問題文
ICMP Flood攻撃に該当するものはどれか。
ア HTTP GETリクエストを繰り返し送ることによって,攻撃対象のサーバにコンテンツ送信の負荷を掛ける。
イ pingコマンドを用いて大量の要求パケットを発信することによって,攻撃対象のサーバに至るまでの回線を過負荷にしてアクセスを妨害する。
ウ コネクション開始要求に当たるSYNパケットを大量に送ることによって,攻撃対象のサーバに,接続要求ごとに応答を返すための過大な負荷を掛ける。
エ 大量のTCPコネクションを確立し,攻撃対象のサーバに接続を維持させ続けることによって,リソースを枯渇させる。
解説
イ
ア:HTTP GETリクエストを繰り返し送る攻撃
これは HTTP Flood攻撃 の説明です。
Webサーバに対して大量のHTTPリクエストを送信することで、コンテンツ生成や送信処理に過大な負荷を与え、正規の利用者がサービスを利用できなくする攻撃です。]
ICMP Floodとは異なり、アプリケーション層(L7)の攻撃にあたります。
イ:pingコマンドを用いて大量の要求パケットを発信し,回線を過負荷にする攻撃
これが ICMP Flood攻撃 の説明です。
ICMP Echo Request(ping)パケットを大量に送りつけることで、対象サーバやネットワーク経路の帯域を圧迫し、サービス不能状態を引き起こします。
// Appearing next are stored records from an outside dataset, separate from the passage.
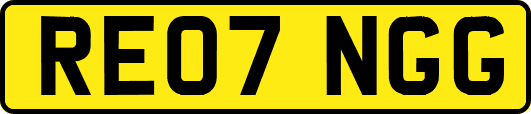 RE07NGG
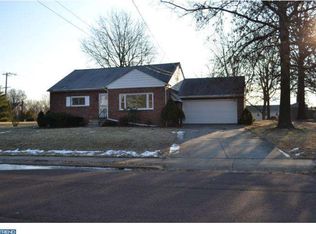 792 Willow St, Pottstown, PA 19464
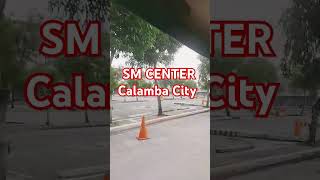 Calamba City [upl. by Saucy156]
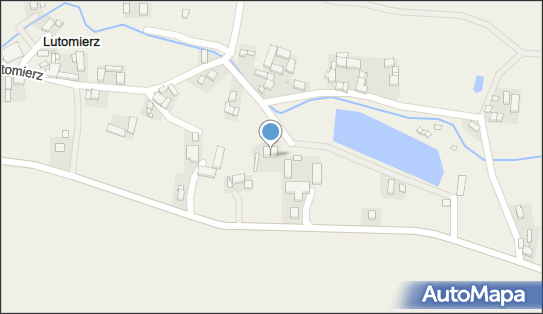 8871612756, Technika Grzewcza i Sanitarna Łukasz Zadrożny 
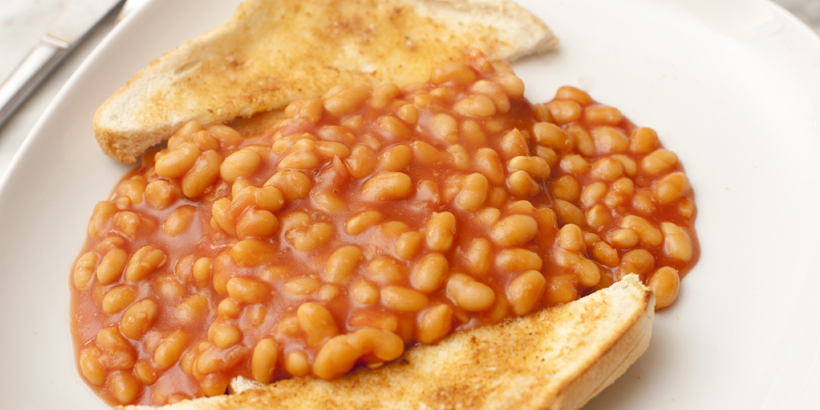 A scran world cup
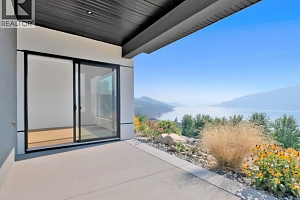 9201 Okanagan Centre Road W Unit# 10 - Photo 31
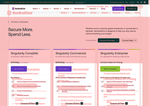 Check dated 2026-06-27T00:07:35.000Z thumbnail image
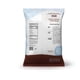 thumbnail image 2 of Beverage Mix Big Train Mocha Blended Ice Coffee, 1,58 kg, 2 of 7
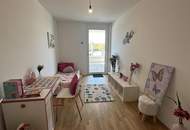 ZU HAUSE DIREKT AN DER U3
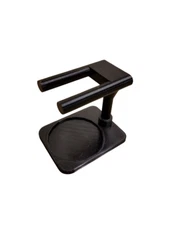 Skull Shaver Display Stand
攻撃対象はサーバそのものだけでなく、サーバまでの回線帯域も含まれるため、回線の過負荷によって正規ユーザからの通信も妨害されます。
ウ:SYNパケットを大量に送ってサーバに負荷をかける攻撃
これは SYN Flood攻撃 の説明です。
TCPの3ウェイハンドシェイクの最初の段階であるSYNを大量に送りつけ、サーバに「半開きコネクション」を抱えさせてリソースを枯渇させます。
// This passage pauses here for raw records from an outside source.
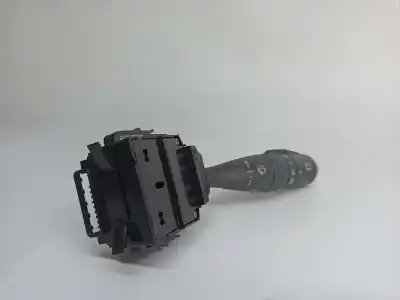 Автозапчасти б/у команда очистки за smart forfour forfour 47 kw ссылки oem iam a4545450010  a4545450010cl2a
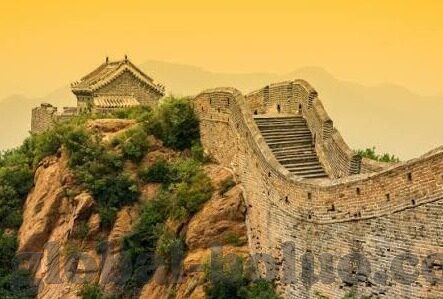 精品一区二区国产在线观看-探索国产影视的多元化魅力，一区二区精品内容在线观赏的深度体验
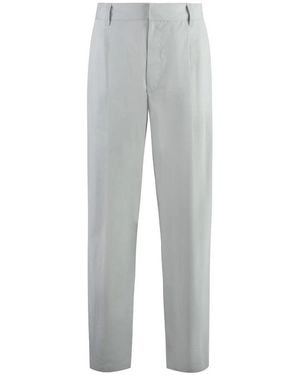 Bottega Veneta Grigio - Grau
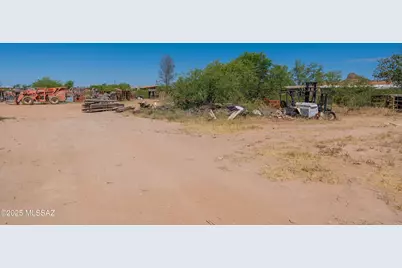 7710 S Gila Avenue, Tucson, AZ 85746 - Photo 45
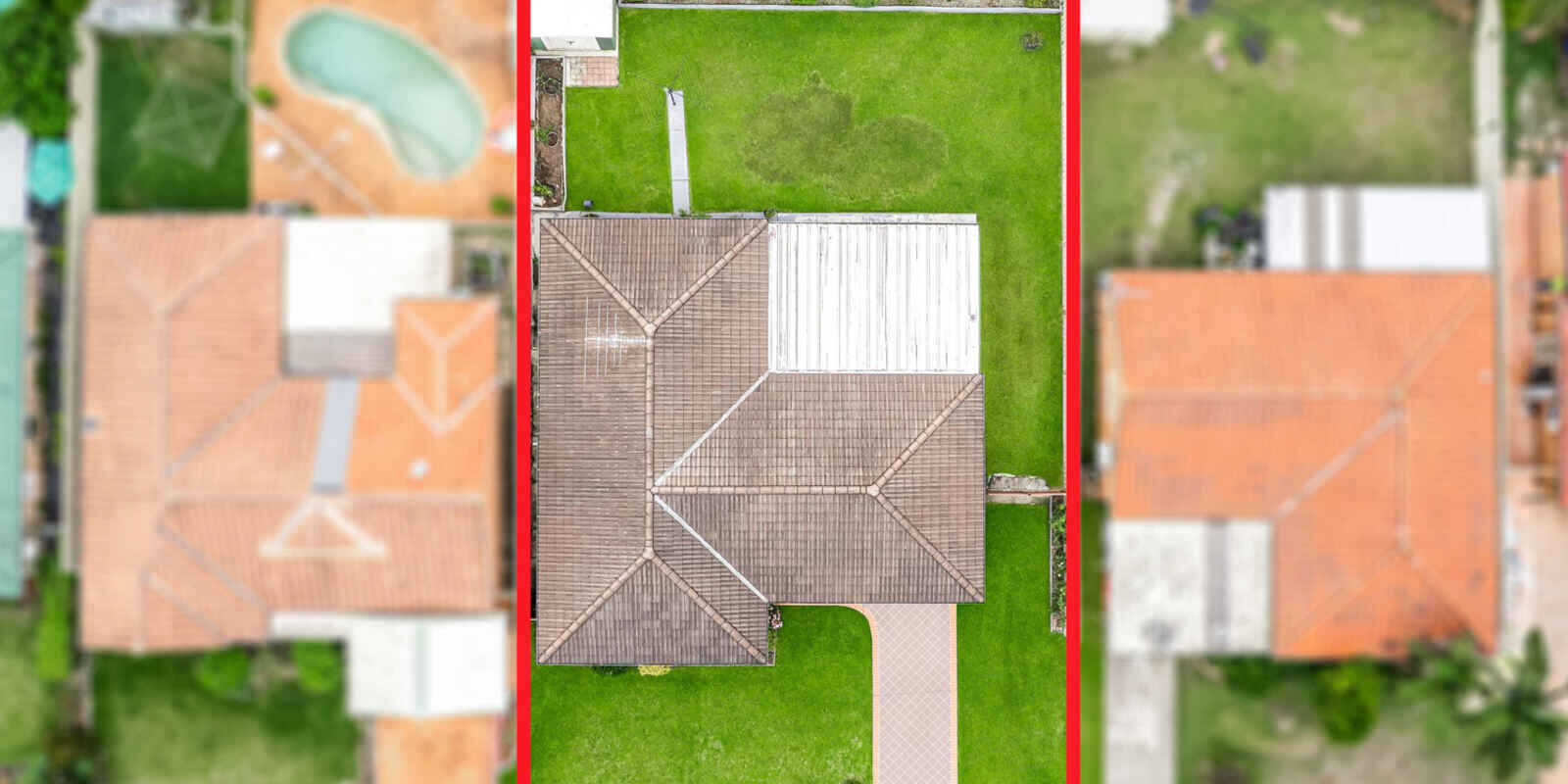 11 Haven Street Plumpton 11 Haven Street Plumpton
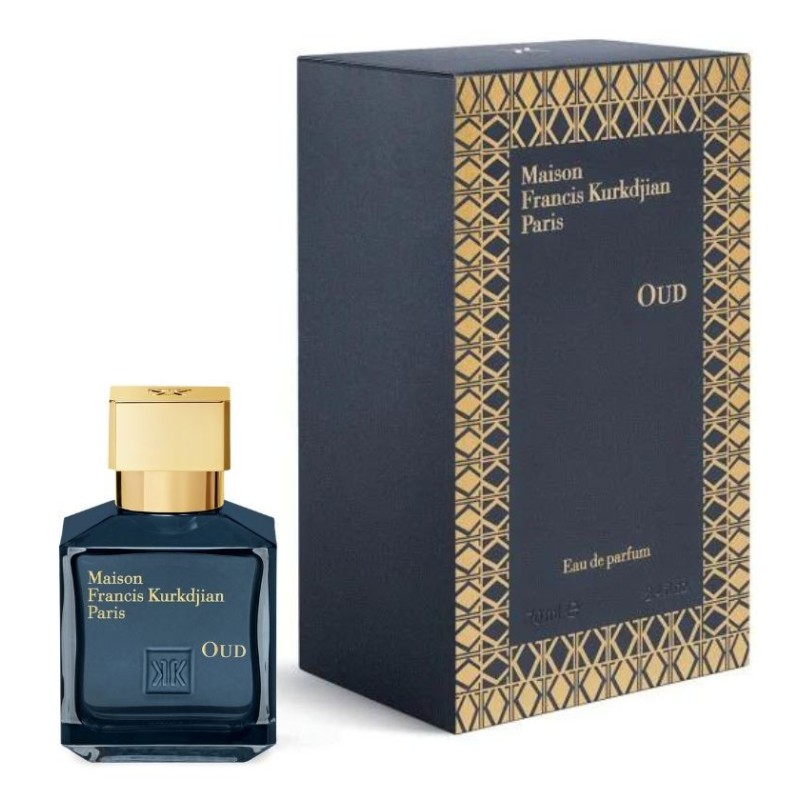 OUD Edp 70ml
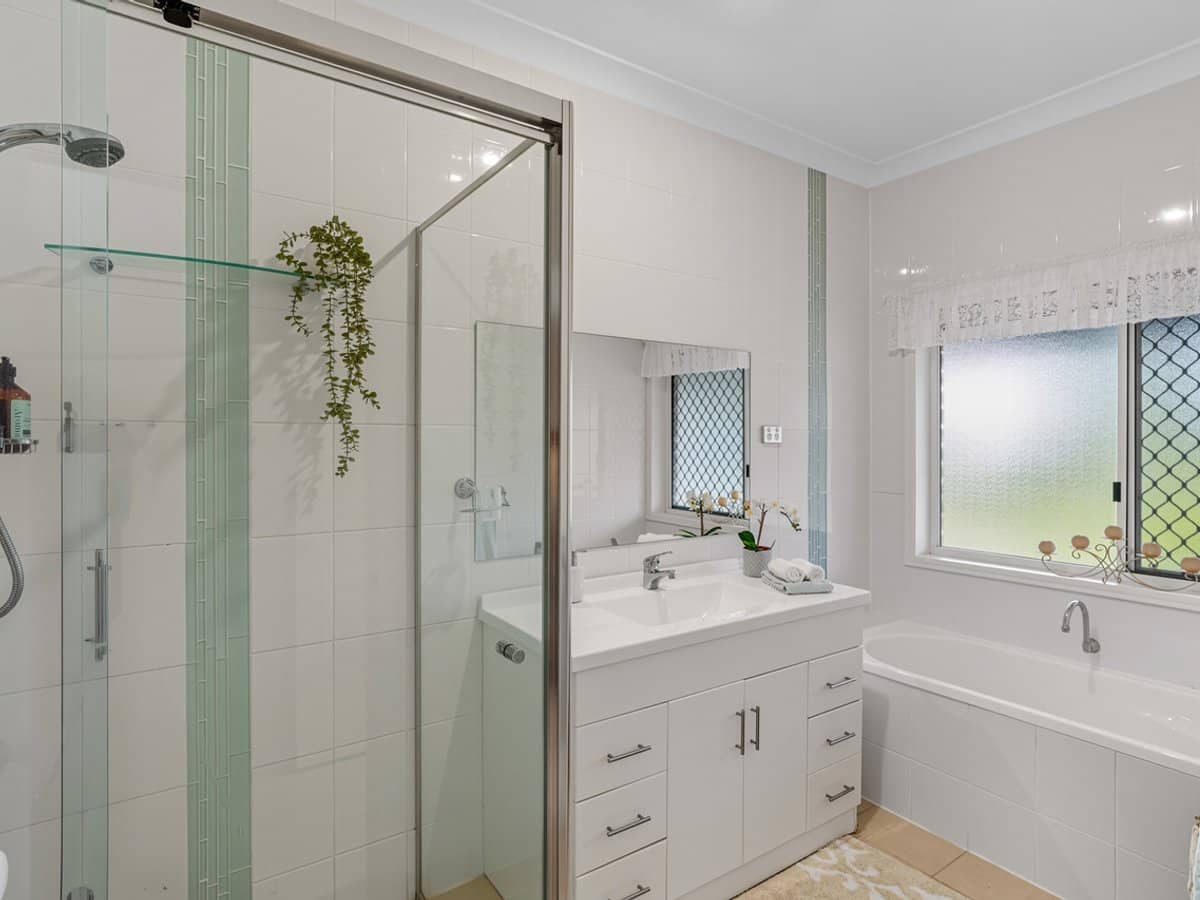 28-32 Crystal Brook Road, NEW BEITH - Thumbnail 19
ICMP Floodではなく、TCPのコネクション確立処理を悪用した攻撃です。
エ:大量のTCPコネクションを確立し,接続を維持し続ける攻撃
これは Slowloris攻撃やTCP Connection Flood攻撃 に相当する説明です。
Slowlorisは特に Webサーバ(HTTPサーバ) を標的にした攻撃です。
攻撃者は「HTTPリクエストを小分けにして極端に遅いペースで送信」し続けます。サーバ側は「まだリクエストが終わっていない」と認識して接続を開いたまま保持し、結果として多数の接続が使われてリソースが枯渇します。
- 特徴:少ない攻撃マシンでも大きな効果が出せる
- 影響を受けやすいサーバ:Apacheのように接続ごとにスレッドやプロセスを割り当てる方式のWebサーバ
- 結果:新しいHTTP接続を受け付けられなくなる
TCP Connection Floodは、攻撃者が次々と 正規のTCP接続を確立し、長時間維持する 攻撃です。SYN Floodが「接続を完了させない半開き状態」を大量に作るのに対し、TCP Connection Floodは「実際にコネクションを完了させて占有する」点が特徴です。
- 影響:サーバの同時接続数テーブルを埋め尽くす
- 結果:新規ユーザーが接続できなくなる
大量の接続を確立して切断せずに維持し続けることで、サーバの同時接続リソースを消費させます。これもICMPとは無関係です。